Long before we are born our lives begin to take shape. Our existence hardly a speck in someone’s imagination and yet the foundations are already being laid, the support beams which we will alternatively seek shelter, solace, and fight against are being driven into the ground. Such is the background of the poetry collection “the heiress/ghost acres”: what do we do with our familial lineage? What do we do with all of that baggage and how it has shaped the world in which we live today?
The writer Lightsey Darst struggles with this history, both familial and national, and her interrogation of the past may very well be summed up by the question: how are we supposed to be something other than ourselves? In “Education of an Heiress,” Darst declares, “I’m a self, not a stem, not a passage through” and yet the past remains, lingering and reaffirmed with the startling similarity between the poet and her predecessor.

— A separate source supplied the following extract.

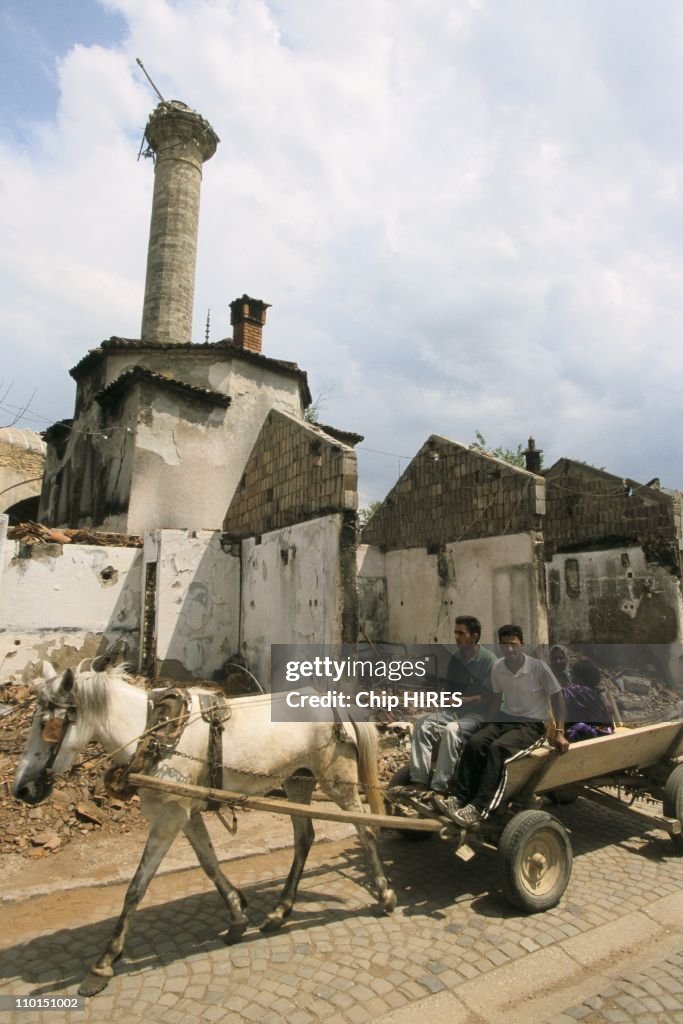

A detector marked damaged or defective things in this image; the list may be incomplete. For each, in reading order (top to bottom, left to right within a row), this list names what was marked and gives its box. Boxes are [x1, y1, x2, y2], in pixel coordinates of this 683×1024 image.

damaged minaret top [141, 101, 220, 346]
broken roof edge [93, 362, 233, 405]
broken roof edge [68, 333, 313, 401]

The only possible answer, the only way forward is to flip the whole thing on its head. Play with it. Turn it on its side, which is exactly and literally what Darst does. Halfway through the collection, into the “Ghost Acres” section, the poems shift from the familiar left-to-right format to one where the words move up the page, or force you to turn the book sideways. “[H]e wanted something eerie to happen, something from the other side./So okay, now I am on the other side.”
~ Nicholas Grosso, Sabrina Morreale, Lorenzo Perri, curators ABF 2023.